The correlation analysis in step S9 specifically includes: taking PM2.5 and PM10 as first variables, and taking weather, temperature, air pressure, humidity, wind speed and wind direction as second variables, the following formulas are introduced:
wherein xiAnd yiIn order to compare the two variables of the correlation,is a variable xiThe average value of (a) of (b),is a variable yiR is a spearman correlation coefficient, r is +1 or-1 when the two variables are perfectly monotonically correlated, and r is 0 when the two variables are uncorrelated.
The backward trajectory and potential source contribution analysis in step S10 specifically includes: dividing a research area into i multiplied by j grids according to the longitude and latitude, wherein the PSCF calculation formula is as follows:
wherein n isijFor all the gas flow trajectories through a certain grid (i, j), mijIs the number of contamination traces passing through grid (i, j).
Example two:
the spatial correlation among the atmospheric pollutants is researched, and a spatial conversion method is provided. Through airspace division, airspace aggregation and an airspace difference value, the areas around the target monitoring station are divided, so that each area can acquire the atmospheric quality data and the meteorological data in the same format, the atmospheric quality data with sparse space is finally converted into uniform consistent input, and the characteristics among the airspace data are extracted.
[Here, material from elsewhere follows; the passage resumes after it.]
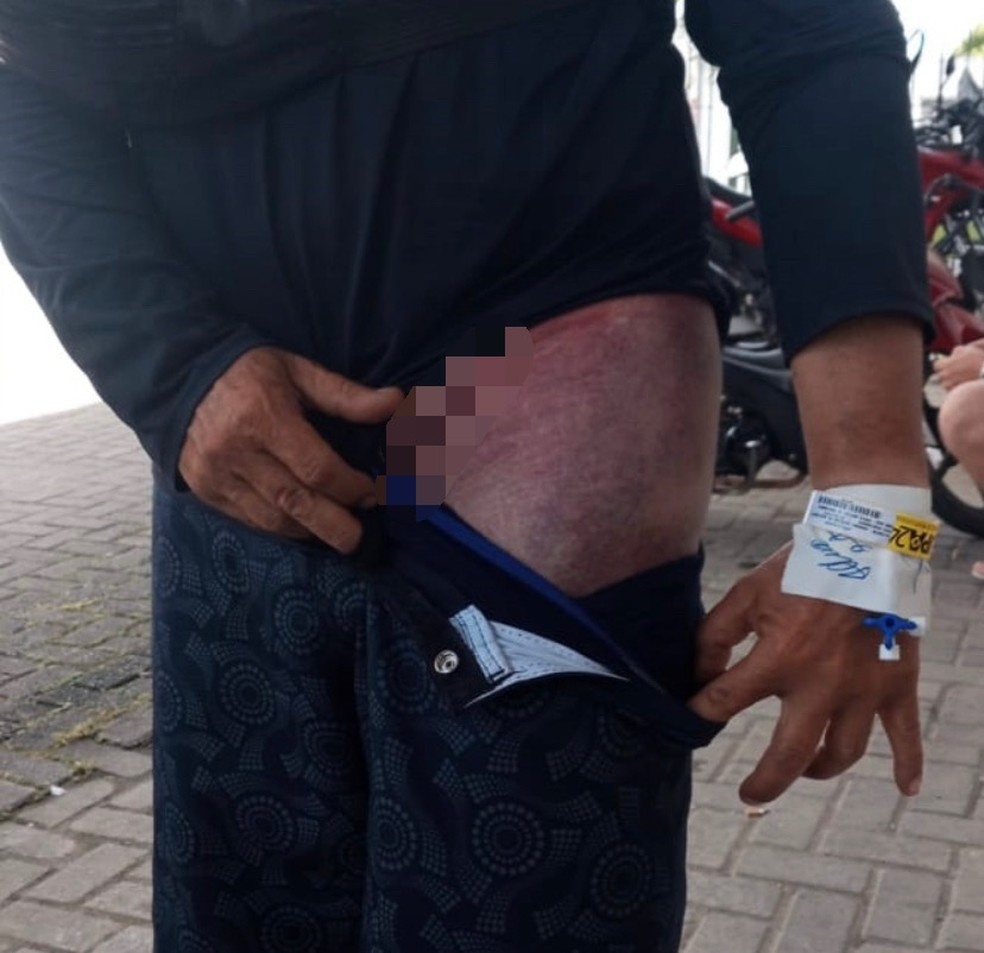 Músico mostra hematomas na perna enquanto aguardava do lado de fora da UPA sem atendimento após receber alta administrativa. — Foto: Cortesia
Acquiring a set S ═ S of a central monitoring station and a monitoring station in an adjacent area of a target area by collecting historical atmospheric quality observation data and meteorological data1,S2,S3,...SnAnd historical atmospheric quality monitoring data of each monitoring stationAnd historical meteorological monitoring data for each monitoring siteThe three are used as the input of a deep learning model to obtain the atmospheric quality data of the central monitoring point of the target area in the future period of time
Since the atmospheric pollutants float in a wide geographic space and are in a movable diffusion state at any time under the influence of time and terrain, the atmospheric quality index of a target area in the future of 48 hours is predicted, and not only the historical atmospheric quality index of the target area needs to be considered in detailAnd historical meteorological monitoring dataIt is also necessary to set the peripheral region S to { S ═ S1,S2,S3,...SnThe two data of the four-dimensional space are taken into consideration together, and the spatial correlation of the two data is taken into consideration comprehensively.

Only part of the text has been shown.